Les habitants de Naimisaranya, sages et brahmanas érudits, éprouvèrent une satisfaction peu commune à la vue du cadavre de Balvala, et ils offrirent des prières empreintes de respect à Sri Balarama. C'est également de tout coeur qu'ils Lui offrirent leurs bénédictions, et tous reconnurent qu'aucune entreprise de Balarama ne connaîtrait jamais l'échec. Sages et brahmanas procédèrent ensuite, sur la Personne du Seigneur, à un bain cérémoniel, de même que les devas baignent le roi Indra lorsqu'il impose la défaite aux asuras. Les brahmanas et les sages honorèrent Balarama en Lui présentant des habits et des parures de premier choix ainsi que la guirlande de lotus de la victoire, réservoir de toute beauté, et à jamais fraîche, vu l'éternité de son existence.

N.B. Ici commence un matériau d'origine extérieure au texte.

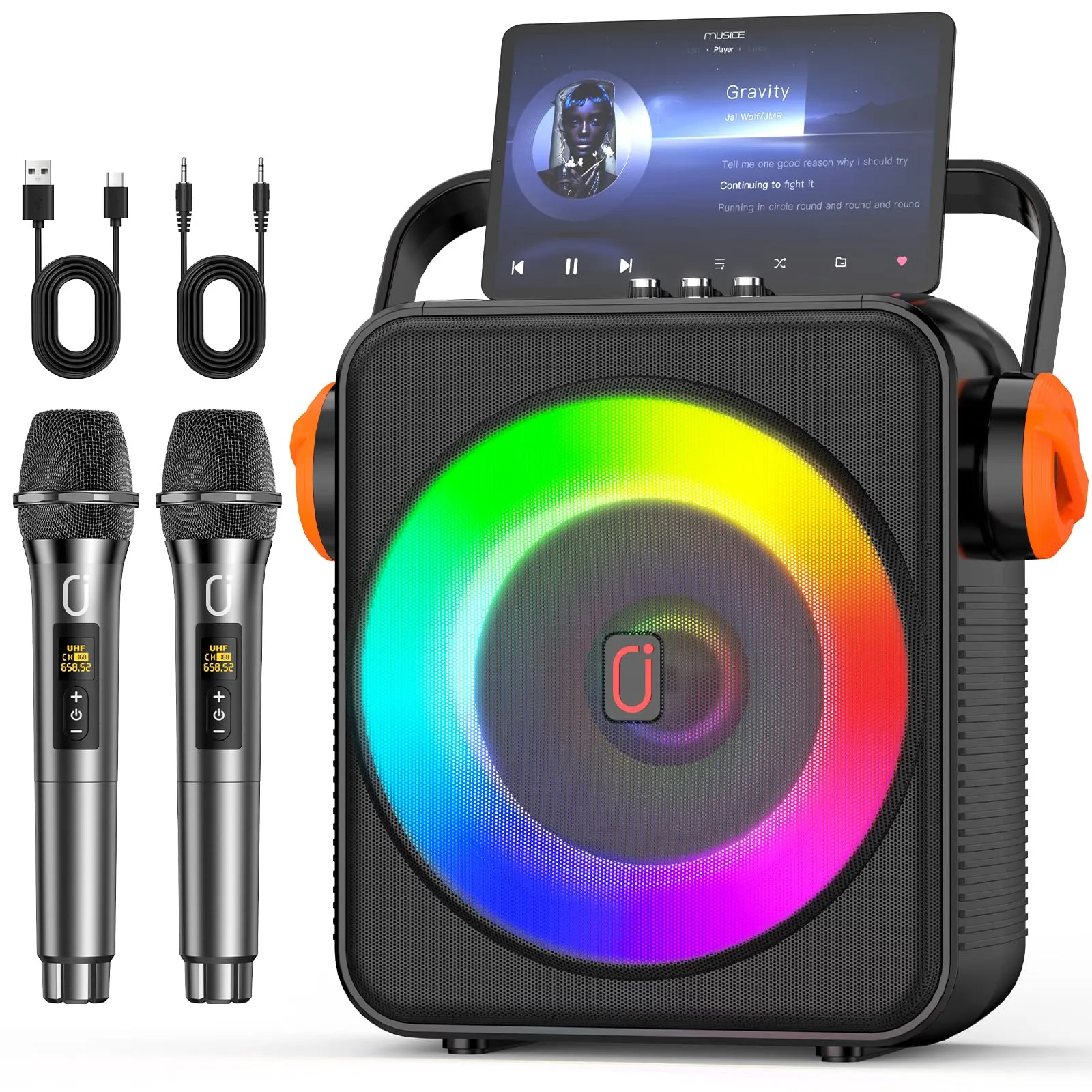 JYX Karaoke con Microfono, Cassa Karaoke Bluetooth 5.3 sistema PA portatile con 2 microfoni wireless per adulti, karaoke professionale completo supporto TWS/TF Card/USB/AUX/Live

Sri Balarama demanda ensuite la permission aux brahmanas assemblés à Naimisaranya de prendre congé d'eux pour Se rendre, accompagné d'autres brahmanas, sur la berge de la rivière Kausiki. Après y avoir fait Ses ablutions, Il Se dirigea vers la rivière Sarayu et en visita la source. Il Se mit à voyager sur ses berges et finit par atteindre Prayaga, où se rencontrent trois rivières: le Gange, la Yamuna et la Sarasvati. Là encore, Il Se baigna dans les eaux sacrées, rendit hommage aux temples érigés à la gloire de Dieu et, comme le veulent les Vedas, offrit des oblations aux ancêtres et aux sages. Il atteint peu à peu l'asrama du sage Pulaha pour ensuite Se rendre à Gandaki, sur la rivière Gomati. Puis Il prend un bain purificatoire dans la rivière Vipasa. Il parvient peu à peu aux berges de la rivière Sona, laquelle court encore de nos jours et représente l'une des grandes rivières de la province du Bihar. Il fit également des ablutions en ces lieux et s'acquitta des divers rites prescrits par les Vedas. Poursuivant Ses voyages, Il atteignit la ville sainte de Gaya, où s'élève un célèbre temple de Visnu. Sur les conseils de Son père Vasudeva, Il offrit des oblations aux ancêtres dans ce temple. Il Se rendit de là au delta du Gange, où la rivière sacrée se fond dans le golfe du Bengale. Ce lieu sacré porte le nom de Gangasagara, et chaque année, à la fin du mois de janvier, s'y réunissent, même encore aujourd'hui, grand nombre de saints et d'hommes pieux, comme lors des fêtes du Maghamela qui ont lieu chaque année à Prayaga.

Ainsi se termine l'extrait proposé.